### Data records:
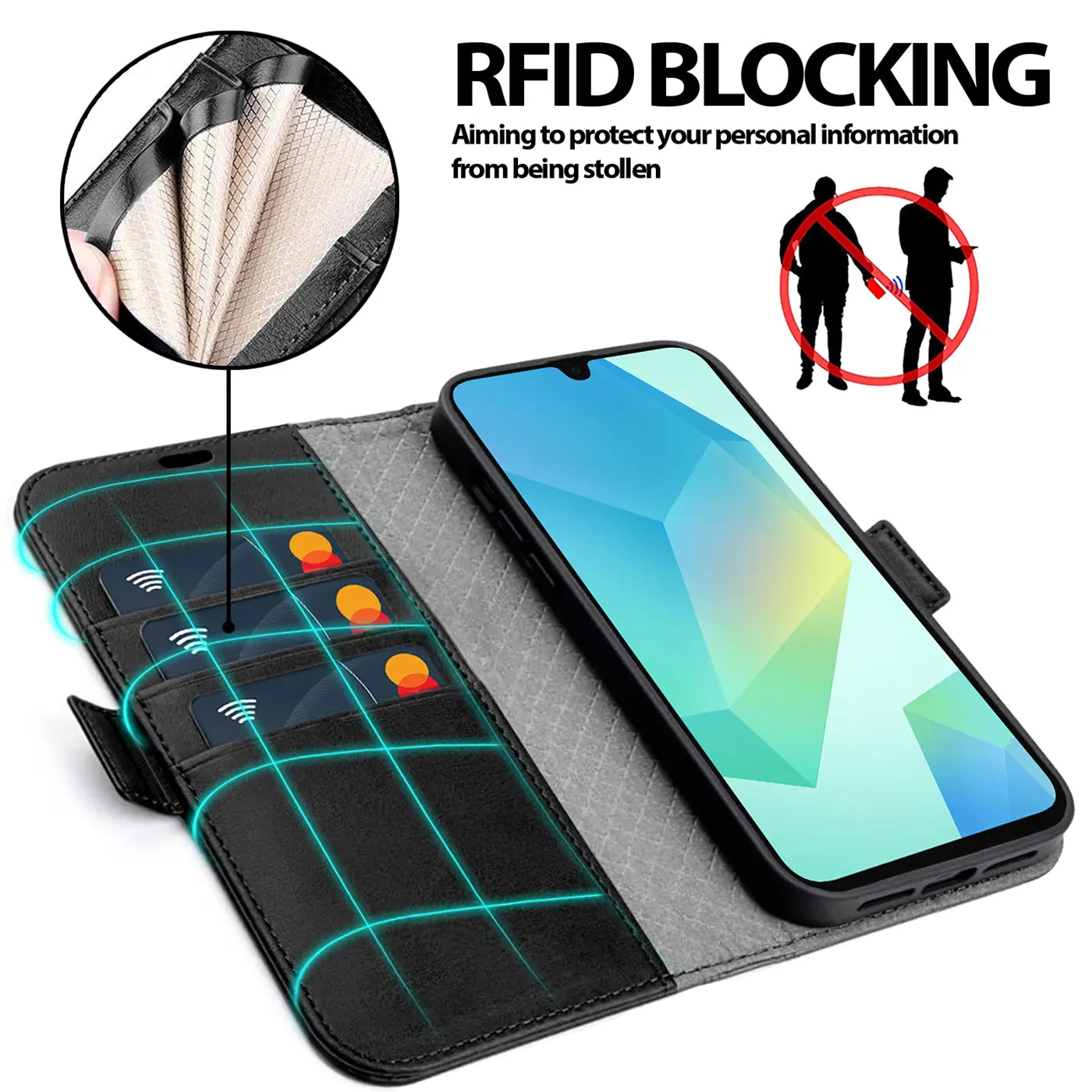 Schwarze Leder-Klapphülle mit Kartenfächern und Samsung Galaxy A26 5G.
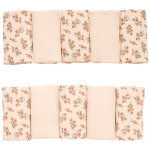 Tour de lit modulable et respirant fleurs et beige (10 �l�ments)
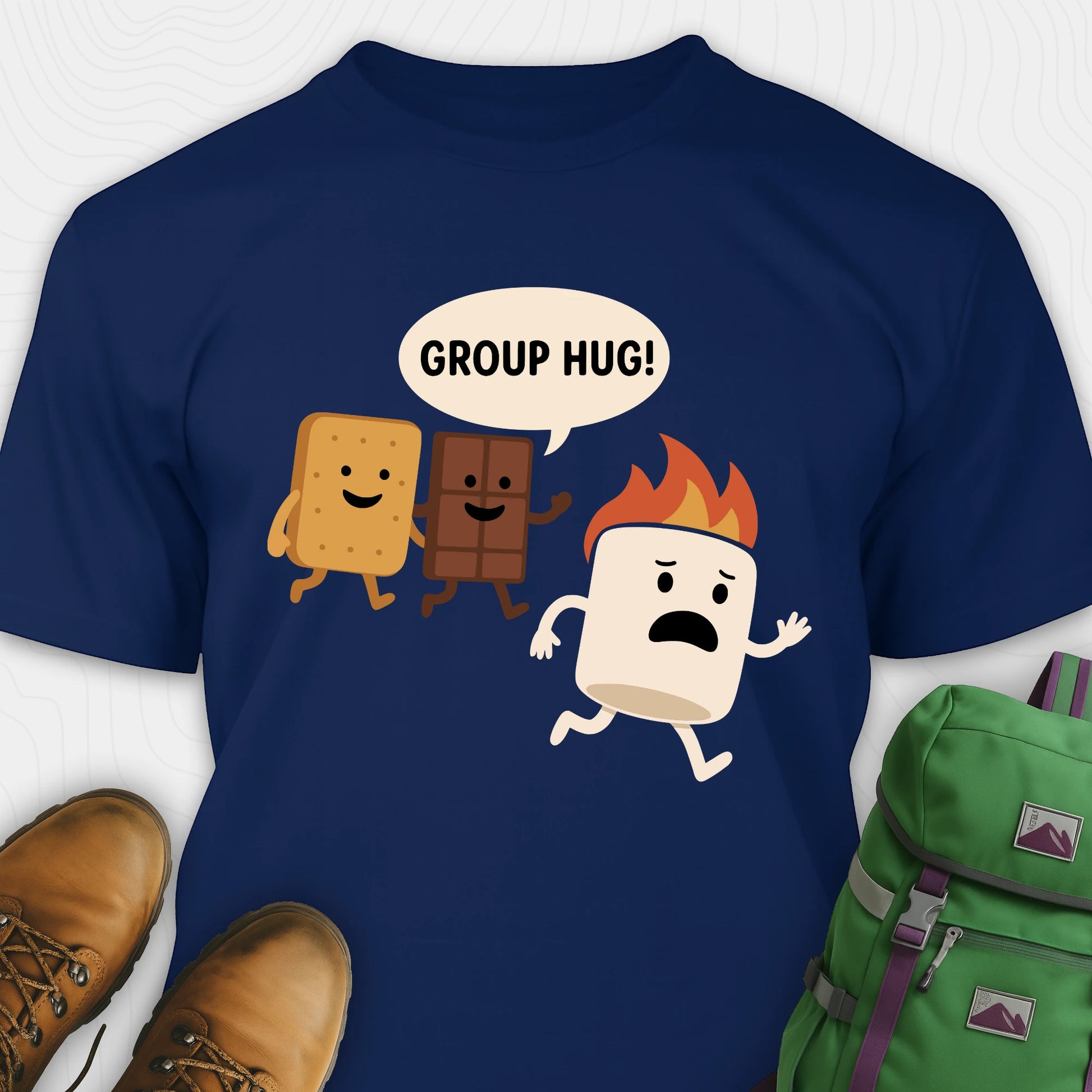 Navy smores shirt with marshmallow chocolate and graham cracker characters with "group hug!" text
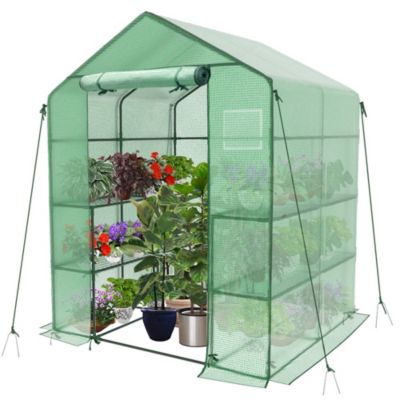 Serre de jardin avec etageres et bache PE renforcee 135g/m2 143x143x195cm Vert VOUNOT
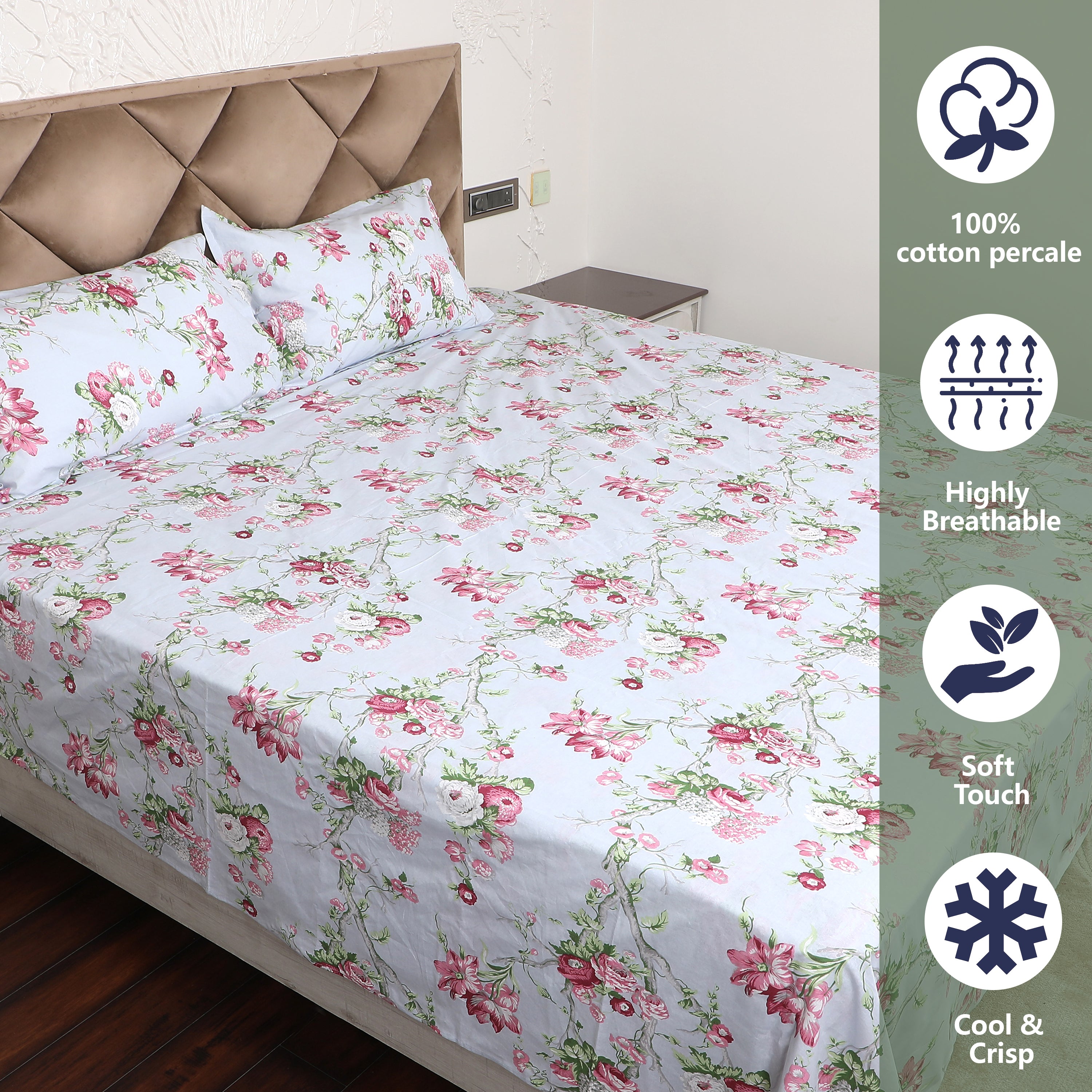 Sakura Bloom 100% Cotton Flat Bedsheet with Pillow Cover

### About this task:
Restate every record above word for word, without images.

### Written answer:
 Schwarze Leder-Klapphülle mit Kartenfächern und Samsung Galaxy A26 5G.
 Tour de lit modulable et respirant fleurs et beige (10 �l�ments)
 Navy smores shirt with marshmallow chocolate and graham cracker characters with "group hug!" text
 Serre de jardin avec etageres et bache PE renforcee 135g/m2 143x143x195cm Vert VOUNOT
 Sakura Bloom 100% Cotton Flat Bedsheet with Pillow Cover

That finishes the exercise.